Why should anyone that analyses data be interested in causality? Most of the analysis we, as data scientists or data analysts, are interested in relates in some way or another to questions of causal nature. Intuitively we say that X causes Y when, if you change X, Y changes. So, for instance, if you want to understand your customer retention, you may be interested in knowing what you could do so that your customers use your services longer. What could be done differently, in order to improve your customers experience? This is in essence a causal question: you want to understand what is causing your current customer retention stats, so that you can then find ways to improve them. In the same way, we can think of causal questions in creating marketing campaigns, setting prices, developing novel app features, making organizational changes, implementing new policies, developing new drugs, and on and on. Causality is about knowing what is the impact of your decisions, and what factors affect your outcome of interest.
Ask Yourself
Which types of questions are you interested in when you analyze data? Which of those are related in some way to causality? Hint: remember that many causal questions can be framed as measuring the impact of some decision or finding which factors (especially actionable ones) affect your variables of interest.

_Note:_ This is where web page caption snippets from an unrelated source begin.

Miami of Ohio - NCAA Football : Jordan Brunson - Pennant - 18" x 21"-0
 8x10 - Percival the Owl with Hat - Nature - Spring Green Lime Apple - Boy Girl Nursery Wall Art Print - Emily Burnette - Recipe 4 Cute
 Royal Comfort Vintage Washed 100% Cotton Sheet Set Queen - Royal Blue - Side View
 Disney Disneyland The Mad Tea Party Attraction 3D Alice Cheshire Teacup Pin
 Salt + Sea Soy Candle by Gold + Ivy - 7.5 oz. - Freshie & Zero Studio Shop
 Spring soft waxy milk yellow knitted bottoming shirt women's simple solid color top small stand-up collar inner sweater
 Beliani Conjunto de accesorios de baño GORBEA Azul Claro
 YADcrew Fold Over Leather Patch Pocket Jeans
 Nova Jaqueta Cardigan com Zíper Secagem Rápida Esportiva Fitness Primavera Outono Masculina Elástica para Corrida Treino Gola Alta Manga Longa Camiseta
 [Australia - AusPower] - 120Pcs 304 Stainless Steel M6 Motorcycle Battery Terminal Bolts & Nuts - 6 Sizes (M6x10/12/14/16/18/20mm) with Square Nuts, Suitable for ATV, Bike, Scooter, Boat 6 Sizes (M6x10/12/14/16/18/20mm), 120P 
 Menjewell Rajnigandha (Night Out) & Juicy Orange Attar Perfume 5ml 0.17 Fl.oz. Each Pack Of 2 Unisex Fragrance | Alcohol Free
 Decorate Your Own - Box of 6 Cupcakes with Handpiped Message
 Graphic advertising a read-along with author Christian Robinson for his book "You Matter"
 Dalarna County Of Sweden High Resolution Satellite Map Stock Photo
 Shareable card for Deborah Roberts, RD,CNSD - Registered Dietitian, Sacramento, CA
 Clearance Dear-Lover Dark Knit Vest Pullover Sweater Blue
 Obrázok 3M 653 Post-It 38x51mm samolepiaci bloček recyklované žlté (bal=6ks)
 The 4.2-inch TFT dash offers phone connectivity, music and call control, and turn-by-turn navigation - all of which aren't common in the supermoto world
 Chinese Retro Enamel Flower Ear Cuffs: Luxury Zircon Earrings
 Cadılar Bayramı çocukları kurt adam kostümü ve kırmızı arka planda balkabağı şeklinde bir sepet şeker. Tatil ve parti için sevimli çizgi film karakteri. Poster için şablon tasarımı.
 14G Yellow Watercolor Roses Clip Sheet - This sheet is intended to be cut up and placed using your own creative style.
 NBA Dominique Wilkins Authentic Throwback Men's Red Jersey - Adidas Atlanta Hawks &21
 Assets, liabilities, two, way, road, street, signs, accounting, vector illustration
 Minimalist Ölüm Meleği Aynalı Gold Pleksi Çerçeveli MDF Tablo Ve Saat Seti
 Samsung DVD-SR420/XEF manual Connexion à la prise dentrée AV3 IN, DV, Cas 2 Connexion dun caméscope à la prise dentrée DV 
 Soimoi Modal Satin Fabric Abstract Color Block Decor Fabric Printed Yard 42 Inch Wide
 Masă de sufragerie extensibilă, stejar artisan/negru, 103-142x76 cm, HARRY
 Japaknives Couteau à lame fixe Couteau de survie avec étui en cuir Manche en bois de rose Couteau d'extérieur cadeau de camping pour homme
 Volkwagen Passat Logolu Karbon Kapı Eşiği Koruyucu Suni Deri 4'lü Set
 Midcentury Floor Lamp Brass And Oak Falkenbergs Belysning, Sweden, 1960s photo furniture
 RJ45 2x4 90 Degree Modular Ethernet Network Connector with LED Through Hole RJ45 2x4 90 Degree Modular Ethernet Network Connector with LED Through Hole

The problem is that knowing the cause of something is not as easy as it may seem. Let me explain.
Imagine you want to understand the causes of some illness, and when you analyze the data, you realize that people in the country tend to be sicker than people living in cities. Does this mean that living in the country is a cause of sickness? If that were the case, it would mean that if you move from the country to a city, you would have less of a chance of falling ill. Is that really true? Living in the city, per se, may not be healthier than living in the country, since you are exposed to higher levels of pollution, food is not as fresh or healthy, and life is more stressful. But its possible that generally people in cities have higher socio-economic status and they can pay for better healthcare, or they can afford to buy gym memberships and do more exercise to prevent sickness. So, the fact that cities appear to be healthier could be due to socio-economic reasons and not because of the location itself. If this second hypothesis were the case, then moving from the country to a city would not improve your health, on average, but increase your chances of being ill: you still wouldnt be able to afford good healthcare, and youd be facing new health threats from the urban environment.
The city-country example shows us a problem we will face often in causal inference. Living in the city and having less chance to fall ill, frequently happens at the same time. However, we have also seen that where you live may not be the only cause of your health. Thats why the phrase correlation is not causation is so popular. Because the fact that two things happen at the same time does not mean that one causes the other. There may be other factors, as the socio-economic status in our example, that are more relevant for explaining why.